İstanbul Büyükşehir Belediye (İBB) Başkanı Ekrem İmamoğlu’nun diplomasına ilişkin yürütülen hukuki tartışmalar, bilimsel görüşlerle destekleniyor. Avukatı Mehmet Pevlivan, konuyla ilgili önemli açıklamalarda bulundu. İmamoğlu’nun diploması üzerindeki soruşturmanın dayanağı, Yükseköğretim Denetleme Kurulu tarafından hazırlanan bir araştırma raporudur. Bu rapor, İmamoğlu’nun yatay geçiş yaptığı 1990 yılında geçerli olan kriterleri karşıladığını belirtmektedir.

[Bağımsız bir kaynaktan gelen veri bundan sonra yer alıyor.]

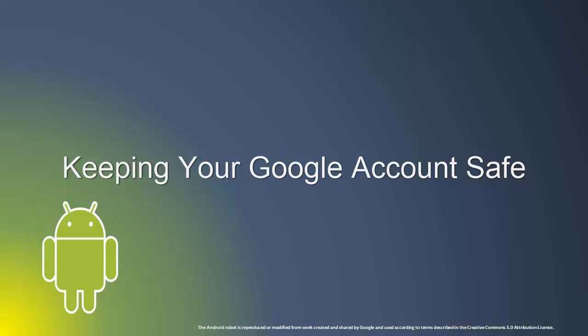We all use several different devices to access our Google account, so let's look at some ways to keep your Google account safe.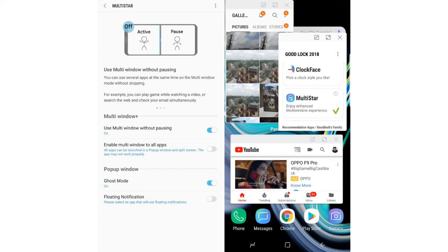However, with Samsung, all the apps stay active. In fact, the module allows you to actually play two games at the same time, or watch Netflix while messaging someone on WhatsApp.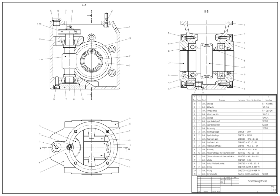Computer-aided design is the use of computer systems or workstations to aid in the creation, modification, analysis, or optimization of a design.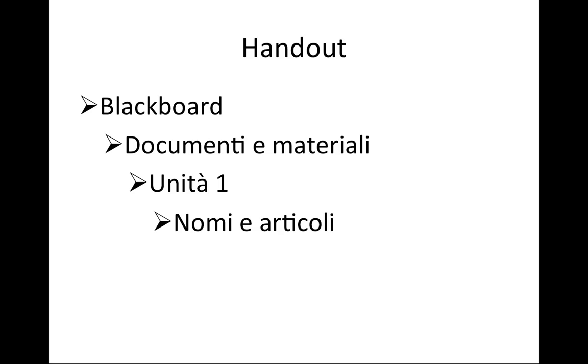This information can be found on a handout that is on Blackboard. Look it up under Documenti e Materiali in folder called Unità 1. The name of the file is Nomi e Articoli.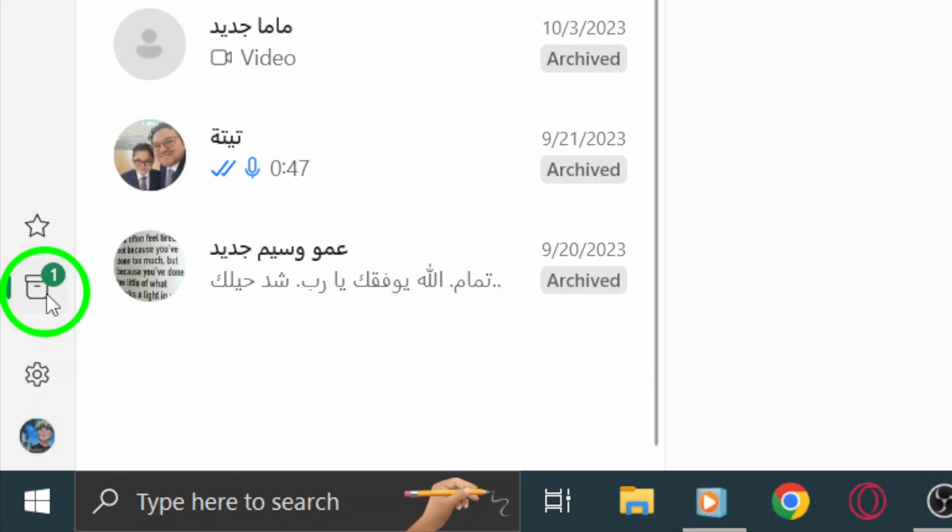The layout is user-friendly, making it easy to identify the names and snippets of those archived chats.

Ancak, Girne Amerikan Üniversitesi’nin YÖK tarafından 1993 yılında tanınması, 1990 yılında gerçekleşen yatay geçişin usulsüz olduğu iddialarını gündeme getirmiştir.
Pehlivan, diploma konusundaki hukuki tartışmanın “tanınma” kavramı etrafında şekilleneceğini ifade etmiştir. Bu bağlamda, kamuoyuyla paylaşılan savlar ve ispatlar bulunmaktadır. İmamoğlu’nun avukatları, bağımsız ve tarafsız bilimsel öğretiler açısından konunun netleştirilmesi amacıyla birçok akademisyenden bilimsel görüş talep etmiştir. Bu görüşlerin, İmamoğlu’nun savunmasıyla paralellik göstermesi, avukatlar için önemli bir gelişmedir.
Bilimsel görüşte dikkat çeken hususlar arasında, 1990 yılında gerçekleştirilen yatay geçiş işlemlerinde 21/10/1982 tarihli Yönetmelik hükümlerinin uygulanması gerektiği yer almaktadır. Ayrıca, 1990 yılında Yükseköğretim Kurulu’nun yatay geçiş işlemleri bakımından tanıma veya tanımama yönünde bir karar alma yetkisi bulunmadığı belirtilmiştir. Bu durum, hukuki süreçte önemli bir dayanak oluşturmaktadır.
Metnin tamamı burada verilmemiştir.